> **Dataset excerpts**
──────────────────────────────

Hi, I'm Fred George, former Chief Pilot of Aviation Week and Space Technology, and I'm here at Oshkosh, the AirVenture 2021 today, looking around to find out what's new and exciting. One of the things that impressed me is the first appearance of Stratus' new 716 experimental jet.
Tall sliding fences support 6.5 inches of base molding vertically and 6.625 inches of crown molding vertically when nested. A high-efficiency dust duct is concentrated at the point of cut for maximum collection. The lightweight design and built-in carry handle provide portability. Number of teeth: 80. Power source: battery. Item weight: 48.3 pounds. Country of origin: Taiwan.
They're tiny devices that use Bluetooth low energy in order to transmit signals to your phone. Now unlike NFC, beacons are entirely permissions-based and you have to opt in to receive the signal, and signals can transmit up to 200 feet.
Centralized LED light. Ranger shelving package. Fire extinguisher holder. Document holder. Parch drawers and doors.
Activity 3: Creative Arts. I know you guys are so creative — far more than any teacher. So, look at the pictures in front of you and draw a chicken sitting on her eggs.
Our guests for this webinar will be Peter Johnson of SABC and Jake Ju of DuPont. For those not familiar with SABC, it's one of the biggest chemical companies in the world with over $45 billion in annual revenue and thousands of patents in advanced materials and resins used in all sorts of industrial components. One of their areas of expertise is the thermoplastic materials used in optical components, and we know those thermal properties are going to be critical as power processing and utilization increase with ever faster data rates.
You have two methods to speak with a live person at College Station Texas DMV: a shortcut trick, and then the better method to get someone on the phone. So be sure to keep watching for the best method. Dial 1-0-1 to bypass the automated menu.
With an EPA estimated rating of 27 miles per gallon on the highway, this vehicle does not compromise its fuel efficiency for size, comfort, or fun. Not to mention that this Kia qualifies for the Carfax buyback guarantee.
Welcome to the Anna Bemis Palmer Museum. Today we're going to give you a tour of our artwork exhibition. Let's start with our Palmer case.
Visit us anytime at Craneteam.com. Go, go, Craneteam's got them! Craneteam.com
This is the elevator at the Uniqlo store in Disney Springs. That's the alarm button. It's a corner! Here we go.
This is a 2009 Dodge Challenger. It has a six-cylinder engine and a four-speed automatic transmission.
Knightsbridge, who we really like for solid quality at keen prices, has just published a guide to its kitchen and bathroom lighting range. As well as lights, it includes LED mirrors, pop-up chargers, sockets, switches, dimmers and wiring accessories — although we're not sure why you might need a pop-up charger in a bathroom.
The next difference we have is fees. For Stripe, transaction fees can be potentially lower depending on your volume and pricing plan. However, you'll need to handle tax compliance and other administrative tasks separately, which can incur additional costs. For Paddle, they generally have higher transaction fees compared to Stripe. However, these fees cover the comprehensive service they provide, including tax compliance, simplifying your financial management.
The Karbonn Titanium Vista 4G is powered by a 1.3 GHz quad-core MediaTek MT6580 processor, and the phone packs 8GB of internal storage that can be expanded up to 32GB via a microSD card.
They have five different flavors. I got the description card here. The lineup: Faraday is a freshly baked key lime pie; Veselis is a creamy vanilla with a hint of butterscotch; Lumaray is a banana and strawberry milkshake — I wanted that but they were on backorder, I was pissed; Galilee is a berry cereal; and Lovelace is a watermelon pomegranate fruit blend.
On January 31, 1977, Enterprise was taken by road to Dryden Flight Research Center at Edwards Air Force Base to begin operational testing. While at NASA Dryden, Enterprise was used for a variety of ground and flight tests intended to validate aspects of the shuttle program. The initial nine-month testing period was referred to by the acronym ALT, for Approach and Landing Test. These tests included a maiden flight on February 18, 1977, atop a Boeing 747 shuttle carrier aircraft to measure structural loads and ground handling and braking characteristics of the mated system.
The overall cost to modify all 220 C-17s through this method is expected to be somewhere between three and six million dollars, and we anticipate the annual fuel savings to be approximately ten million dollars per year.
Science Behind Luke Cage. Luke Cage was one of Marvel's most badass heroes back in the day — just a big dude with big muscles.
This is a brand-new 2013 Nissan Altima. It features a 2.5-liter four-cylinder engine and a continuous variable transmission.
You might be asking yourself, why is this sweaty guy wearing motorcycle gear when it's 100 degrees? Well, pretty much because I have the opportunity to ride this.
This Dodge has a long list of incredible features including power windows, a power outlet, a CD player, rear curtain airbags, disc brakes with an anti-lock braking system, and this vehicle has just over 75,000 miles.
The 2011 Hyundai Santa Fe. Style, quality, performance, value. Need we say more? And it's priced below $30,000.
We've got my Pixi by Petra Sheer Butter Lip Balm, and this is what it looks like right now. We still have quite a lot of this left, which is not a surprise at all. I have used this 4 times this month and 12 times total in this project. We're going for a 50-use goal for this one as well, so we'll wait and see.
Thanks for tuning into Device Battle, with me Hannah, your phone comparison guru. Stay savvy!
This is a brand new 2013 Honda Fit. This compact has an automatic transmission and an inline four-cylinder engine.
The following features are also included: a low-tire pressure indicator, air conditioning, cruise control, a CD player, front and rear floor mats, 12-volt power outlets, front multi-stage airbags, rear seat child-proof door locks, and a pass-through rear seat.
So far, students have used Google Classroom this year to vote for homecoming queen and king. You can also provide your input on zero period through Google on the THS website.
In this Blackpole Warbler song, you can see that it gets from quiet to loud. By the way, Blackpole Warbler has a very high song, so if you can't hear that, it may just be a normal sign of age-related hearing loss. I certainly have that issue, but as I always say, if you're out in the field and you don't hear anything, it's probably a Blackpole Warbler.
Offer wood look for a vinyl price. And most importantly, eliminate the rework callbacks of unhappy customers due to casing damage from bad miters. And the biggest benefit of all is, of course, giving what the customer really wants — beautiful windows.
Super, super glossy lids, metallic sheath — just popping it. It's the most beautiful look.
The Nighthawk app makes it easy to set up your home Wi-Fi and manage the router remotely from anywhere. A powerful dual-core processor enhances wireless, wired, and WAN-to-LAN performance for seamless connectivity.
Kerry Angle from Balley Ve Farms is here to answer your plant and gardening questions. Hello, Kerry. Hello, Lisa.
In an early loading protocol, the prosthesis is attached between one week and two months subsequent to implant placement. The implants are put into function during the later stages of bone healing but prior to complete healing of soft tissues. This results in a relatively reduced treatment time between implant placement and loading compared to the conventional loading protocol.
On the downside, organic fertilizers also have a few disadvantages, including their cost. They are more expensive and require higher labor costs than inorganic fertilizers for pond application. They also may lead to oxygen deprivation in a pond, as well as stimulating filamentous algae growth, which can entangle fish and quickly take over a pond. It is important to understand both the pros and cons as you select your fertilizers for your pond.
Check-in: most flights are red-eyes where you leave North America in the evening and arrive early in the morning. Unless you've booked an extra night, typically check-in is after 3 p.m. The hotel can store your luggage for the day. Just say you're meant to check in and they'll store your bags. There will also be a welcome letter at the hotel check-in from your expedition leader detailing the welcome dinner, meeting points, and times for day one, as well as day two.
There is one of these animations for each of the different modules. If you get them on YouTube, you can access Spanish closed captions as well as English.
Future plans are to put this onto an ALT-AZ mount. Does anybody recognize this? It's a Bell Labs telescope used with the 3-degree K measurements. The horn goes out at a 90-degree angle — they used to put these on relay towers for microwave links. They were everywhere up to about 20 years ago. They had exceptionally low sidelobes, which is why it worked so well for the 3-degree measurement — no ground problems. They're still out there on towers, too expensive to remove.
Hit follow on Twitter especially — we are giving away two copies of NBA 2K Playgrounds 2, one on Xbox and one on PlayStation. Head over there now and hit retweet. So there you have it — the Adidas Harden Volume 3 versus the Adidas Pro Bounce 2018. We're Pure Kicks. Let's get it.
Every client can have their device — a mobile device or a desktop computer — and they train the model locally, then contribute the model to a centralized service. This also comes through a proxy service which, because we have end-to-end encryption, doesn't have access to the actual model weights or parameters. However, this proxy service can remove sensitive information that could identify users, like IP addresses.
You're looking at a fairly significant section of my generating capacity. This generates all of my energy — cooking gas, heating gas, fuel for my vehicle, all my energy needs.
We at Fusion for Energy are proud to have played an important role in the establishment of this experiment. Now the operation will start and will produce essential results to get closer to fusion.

──────────────────────────────

> **Exercise**
Tally the lines above that contain "four"; give only the number.

> **Response for this exercise**
3